Mac Tavish, meu tradutor, me contou que, quando os chineses viajam para o exterior com seus amigos e se comportam mal na rua (adolescentes), eles fingem que são japoneses e começam a falar “saionara” e “arigatô“. Contei para ele que fazemos o mesmo com os argentinos e ele caiu no chão de tanto rir. Nunca imaginou que essa trolagem fosse internacional.

Conversando com Gillian, minha tradutora chinesa e professora de inglês me atrevo a fazer algumas perguntas da vida na China. Afetos, profissão, família, dinheiro, etc. Ela me disse que recentemente rompeu um namoro de 8 anos. Perguntei se estava deprimida por isso e ela disse que as vezes se sentia triste e só. Ela é uma menina e tem a idade da minha filha.

– Você é jovem e bonita.
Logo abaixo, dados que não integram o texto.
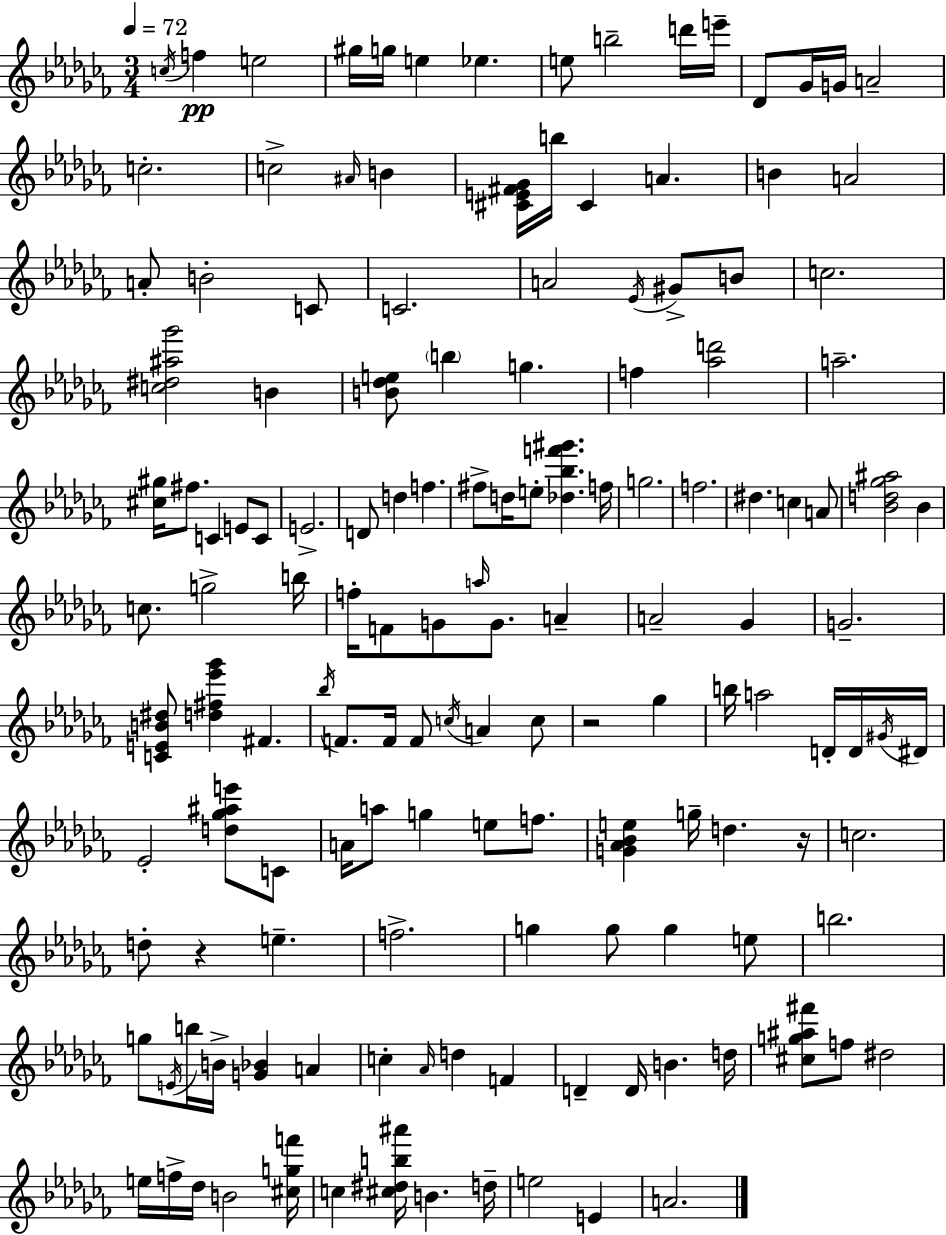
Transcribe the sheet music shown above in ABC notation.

X:1
T:Untitled
M:3/4
L:1/4
K:Abm
c/4 f e2 ^g/4 g/4 e _e e/2 b2 d'/4 e'/4 _D/2 _G/4 G/4 A2 c2 c2 ^A/4 B [^CE^F_G]/4 b/4 ^C A B A2 A/2 B2 C/2 C2 A2 _E/4 ^G/2 B/2 c2 [c^d^a_g']2 B [B_de]/2 b g f [_ad']2 a2 [^c^g]/4 ^f/2 C E/2 C/2 E2 D/2 d f ^f/2 d/4 e/2 [_d_bf'^g'] f/4 g2 f2 ^d c A/2 [_Bd_g^a]2 _B c/2 g2 b/4 f/4 F/2 G/2 a/4 G/2 A A2 _G G2 [CEB^d]/2 [d^f_e'_g'] ^F _b/4 F/2 F/4 F/2 c/4 A c/2 z2 _g b/4 a2 D/4 D/4 ^G/4 ^D/4 _E2 [d_g^ae']/2 C/2 A/4 a/2 g e/2 f/2 [G_A_Be] g/4 d z/4 c2 d/2 z e f2 g g/2 g e/2 b2 g/2 E/4 b/4 B/4 [G_B] A c _A/4 d F D D/4 B d/4 [^cg^a^f']/2 f/2 ^d2 e/4 f/4 _d/4 B2 [^cgf']/4 c [^c^db^a']/4 B d/4 e2 E A2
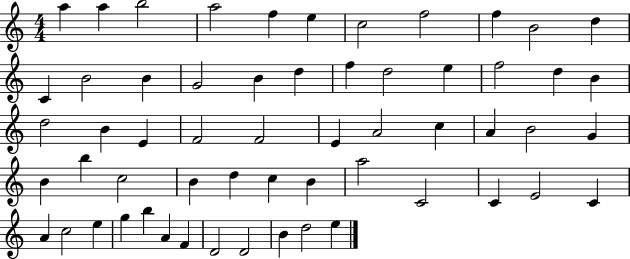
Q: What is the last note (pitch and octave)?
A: E5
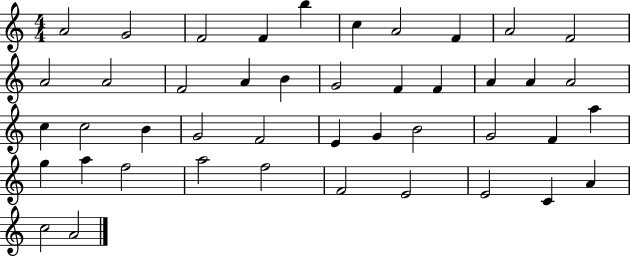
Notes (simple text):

A4/h G4/h F4/h F4/q B5/q C5/q A4/h F4/q A4/h F4/h A4/h A4/h F4/h A4/q B4/q G4/h F4/q F4/q A4/q A4/q A4/h C5/q C5/h B4/q G4/h F4/h E4/q G4/q B4/h G4/h F4/q A5/q G5/q A5/q F5/h A5/h F5/h F4/h E4/h E4/h C4/q A4/q C5/h A4/h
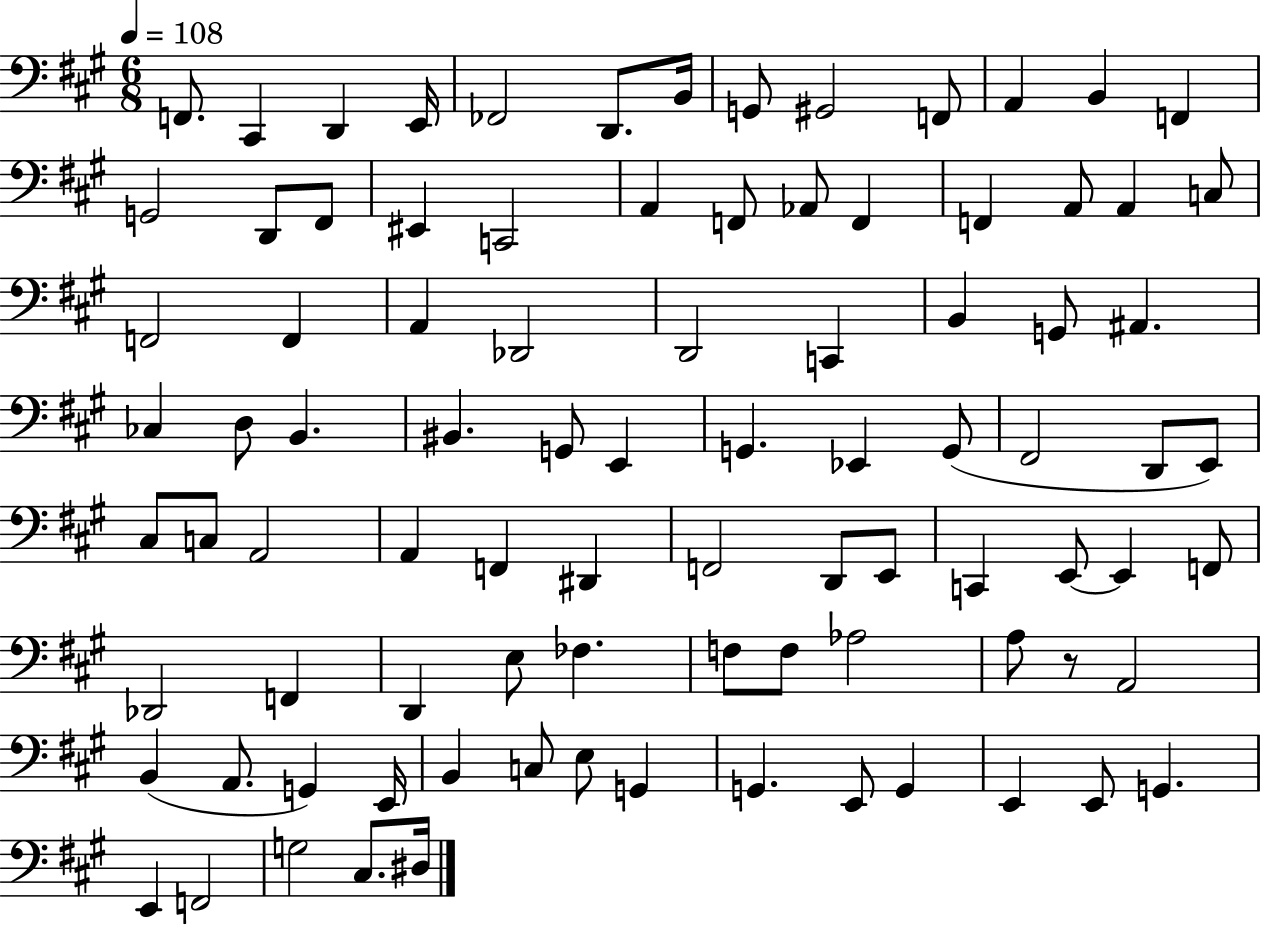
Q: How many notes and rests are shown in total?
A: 90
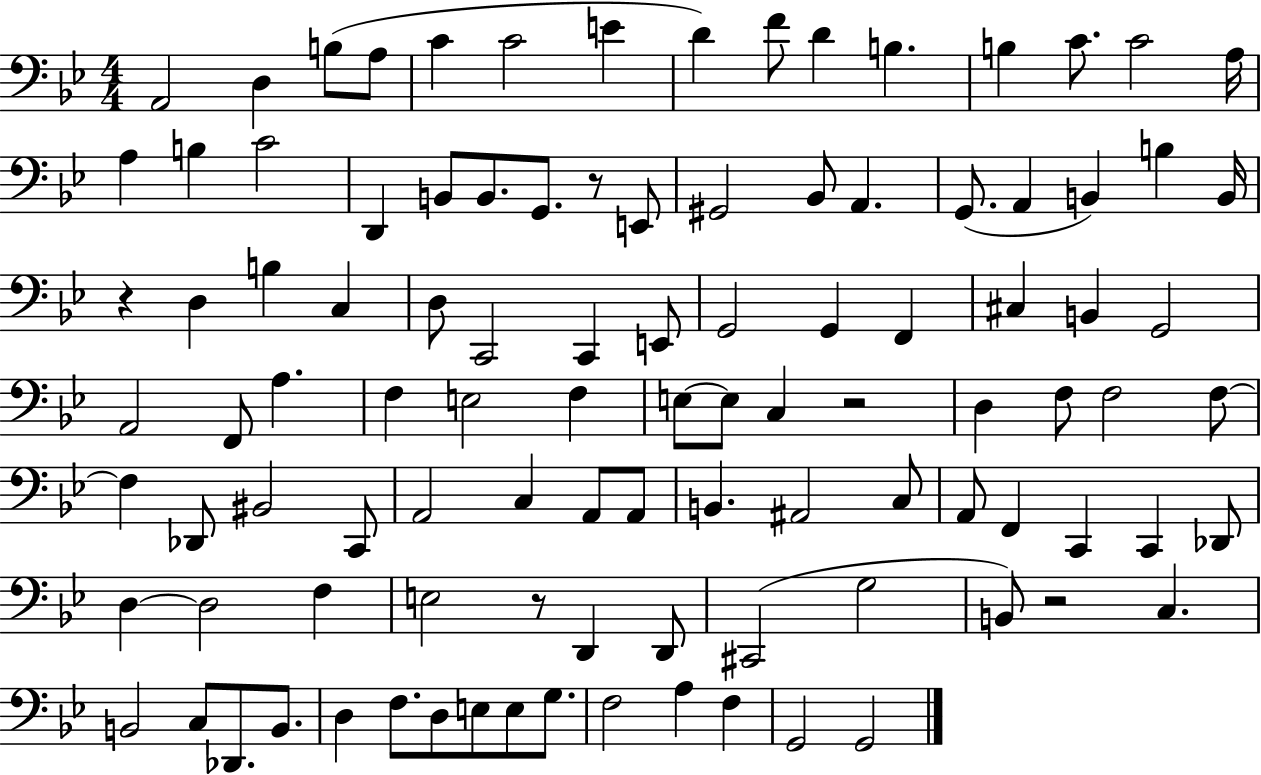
X:1
T:Untitled
M:4/4
L:1/4
K:Bb
A,,2 D, B,/2 A,/2 C C2 E D F/2 D B, B, C/2 C2 A,/4 A, B, C2 D,, B,,/2 B,,/2 G,,/2 z/2 E,,/2 ^G,,2 _B,,/2 A,, G,,/2 A,, B,, B, B,,/4 z D, B, C, D,/2 C,,2 C,, E,,/2 G,,2 G,, F,, ^C, B,, G,,2 A,,2 F,,/2 A, F, E,2 F, E,/2 E,/2 C, z2 D, F,/2 F,2 F,/2 F, _D,,/2 ^B,,2 C,,/2 A,,2 C, A,,/2 A,,/2 B,, ^A,,2 C,/2 A,,/2 F,, C,, C,, _D,,/2 D, D,2 F, E,2 z/2 D,, D,,/2 ^C,,2 G,2 B,,/2 z2 C, B,,2 C,/2 _D,,/2 B,,/2 D, F,/2 D,/2 E,/2 E,/2 G,/2 F,2 A, F, G,,2 G,,2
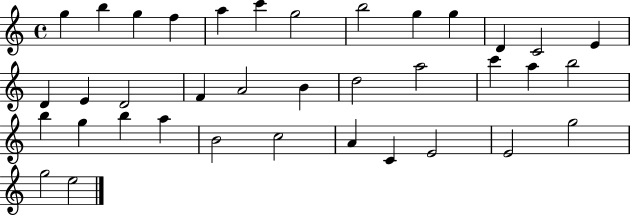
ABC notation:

X:1
T:Untitled
M:4/4
L:1/4
K:C
g b g f a c' g2 b2 g g D C2 E D E D2 F A2 B d2 a2 c' a b2 b g b a B2 c2 A C E2 E2 g2 g2 e2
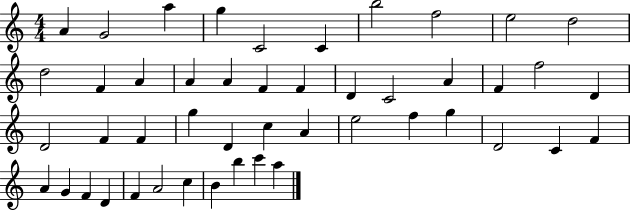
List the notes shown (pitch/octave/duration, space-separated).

A4/q G4/h A5/q G5/q C4/h C4/q B5/h F5/h E5/h D5/h D5/h F4/q A4/q A4/q A4/q F4/q F4/q D4/q C4/h A4/q F4/q F5/h D4/q D4/h F4/q F4/q G5/q D4/q C5/q A4/q E5/h F5/q G5/q D4/h C4/q F4/q A4/q G4/q F4/q D4/q F4/q A4/h C5/q B4/q B5/q C6/q A5/q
Não fique triste; daqui a pouco aparece um príncipe encantado.
–  Ah, tem até um menino que eu gosto, muito mais é baixinho.
– Sério?
– Sim, mais baixo que eu (ela tem 1.64m)
– Mas isso é tão importante assim?
– Bem…. eu gosto de homens altos. E, acima de tudo, as meninas chinesas gostam de homens com pernas compridas.
– Ah…. as pernas…

Lembrei da pergunta do camponês ao presidente Lincoln, no conto de Woody Allen:
– Qual o tamanho ideal das pernas de um homem?, perguntou o camponês em desespero.
– Ideal para que cheguem até o chão, respondeu de forma marota o presidente.
A partir da conversa com Gillian tenho outra resposta:

– Ideal para alcançar o coração de uma bela menina (mas esta resposta só vale na China)

Em relação ao parto e nascimento, apesar de testemunhar tantos avanços na China, me impressiona o atraso no debate sobre as posições de parto. Em 1986, há 30 anos atrás, eu comecei a utilizar a posição de cócoras na atenção ao parto, ainda como residente no Hospital de Clínicas. Para mim foi o processo de entrada no universo da humanização, que na época não tinha esse nome e ainda aparecia como “sofisticação de tutela”. Muito tempo depois é que o protagonismo garantido às mulheres se tornou o eixo central ao redor do qual todos os outros valores gravitam. Entretanto, aqui ainda não se fala de parto vertical, e todos os partos são realizados como nos anos 50: perneiras, estribos, gente torcendo ao lado, etc. Minhas aulas todas se centraram na importância de mudar a posição do parto para que esta atitude venha abrir as portas para mudanças mais significativas.

Por outro lado, alguns encontros que eu testemunhei foram extremamente gratificantes. Um desses presentes que a vida me deu foi conhecer a chefe da única Casa de Parto da China, na região do Tibete. Ela se diz parteira mas sua formação é em medicina. O hospital de referência para a casa de parto em que atendem fica há 5 minutos de distância. O número de atendimentos é de 900 por ano, por volta de 2 a 3 por dia. Os maridos nunca assistem partos, mas ela explicou que se trata de uma questão cultural (maridos nunca enxergam a mulher ir ao banheiro). Além disso, nenhum marido jamais pediu para assistir, apesar de que esta solicitação já é muito comum em cidades maiores como Linyi, Qingdao ou Beijing. Lembro do meu pai me falando que assistir o parto de seus filhos nos anos 60 jamais passou por sua cabeça. A taxa de transferência para o hospital é (preparem-se) 1%. Eu perguntei três vezes para confirmar e não dar informação errada. Mortes neonatais acontecem 1x cada dois anos. A clínica é privada e todos pagam o mesmo valor, inobstante a classe social a que pertencem. O valor pelo atendimento completo é ao redor de 1000 yuan (R$ 500.00).

Essa parteira teria muito a ensinar sobre os malefícios que a sociedade moderna (onde a obstetrícia tecnológica é apenas uma das suas manifestações) produziu sobre as mulheres, seus ciclos vitais e sua sexualidade.